Baden-württemberg schaut vergleichbar scharf auf diesen Personenkreis: 2010 hatte die Landesregierung Handlungsbedarf gesehen, was den Umgang mit entlassenen und rückfallgefährdeten Sexualstraftätern angeht. Die Zusammenarbeit zwischen Polizei, Justiz und weiteren Einrichtungen sollte intensiviert werden. Seither gibt es im Landeskriminalamt (LKA) in Stuttgart das Programm „Kurs“(„Konzept zum Umgang mit besonders rückfallgefährdeten Sexualstraftätern“).
Bei einer dort eingerichteten Zentralstelle laufen alle Informationen über entlassene Sextäter zusammen: von Gefängnissen, Gerichten, Bewährungshilfe und Polizeidienststellen.

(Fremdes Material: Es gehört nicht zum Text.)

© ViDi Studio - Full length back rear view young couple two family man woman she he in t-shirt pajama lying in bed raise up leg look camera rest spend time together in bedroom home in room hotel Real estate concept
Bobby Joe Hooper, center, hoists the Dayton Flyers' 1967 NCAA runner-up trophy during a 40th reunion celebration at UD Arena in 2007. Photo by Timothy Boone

Alleine bei der Polizei sind rund 100 Beamte als Koordinatoren nebenamtlich für diese Aufgabe tätig.
Derzeit ist eine mittlere dreistellige Zahl an Personen im „Kurs“-programm eingestuft, so ein Sprecher des Innenministeriums in Stuttgart gegenüber unserer Redaktion, die genaue Zahl werde nicht öffentlich genannt. Die rückfallgefährdeten Täter sind demnach in drei Risikokategorien eingeteilt: „herausragendes“, „hohes“und „mittleres Gefahrenpotenzial“. Die Mitarbeiter der Zentralstelle gehen auf Polizeidienststellen zu und koordinieren Maßnahmen, die etwa scharfe Meldeauflagen sein können, aber auch immer wieder bis hin zur Überwachung reichen.
Aber: Es gibt nur im absoluten Ausnahmefall eine lückenlose Überwachung rund um die Uhr der entsprechend eingeschätzten Haftentlassenen. „Die rechtlichen Hürden sind dafür hoch,“so der Sprecher des Ministeriums. Der Personalaufwand ist zudem erheblich.
Arbeit im Vorfeld entscheidend
Als entscheidend gilt die Arbeit im Vorfeld: Spätestens sechs Monate vor der Entlassung einer Person aus der Haft oder aus dem Maßregelvollzug in psychiatrischen Einrichtungen übermitteln die Gefängnisse den Vollstreckungsabteilungen der Staatsanwaltschaften eine Einschätzung. Diese geht auch an die Führungsaufsichtsstelle sowie die Gemeinsame Zentralstelle beim LKA. Sollte eine Person als Risiko eingeschätzt werden, unterrichtet die Zentralstelle die für den mutmaßlichen künftigen Wohnort zuständige Polizeidienststelle.
Wie lange der Überwachungszeitraum dauert, ist nicht exakt festgelegt. Die Gerichte, in der Regel die Strafvollstreckungskammern der Landgerichte, entscheiden darüber, wie lange ein einmal eingestufter „Risikoproband“, so der Fachjargon, im Programm verbleibt. Eine solche Überprüfung muss spätestens nach Ablauf eines Jahres stattfinden. Auch aus den Nachbarbundesländern zugezogene entlassene Sexualstraftäter werden überprüft, ob sie unter Beobachtung durch „Kurs“kommen. Theoretisch hat diese Überwachung oder Aufsicht keine Höchstdauer. Klar ist aber auch, dass je länger ein entlassener Straftäter, ohne auffällig zu werden, in Freiheit ist, desto höher werden auch die Anforderungen an eine Gefahrenprognose.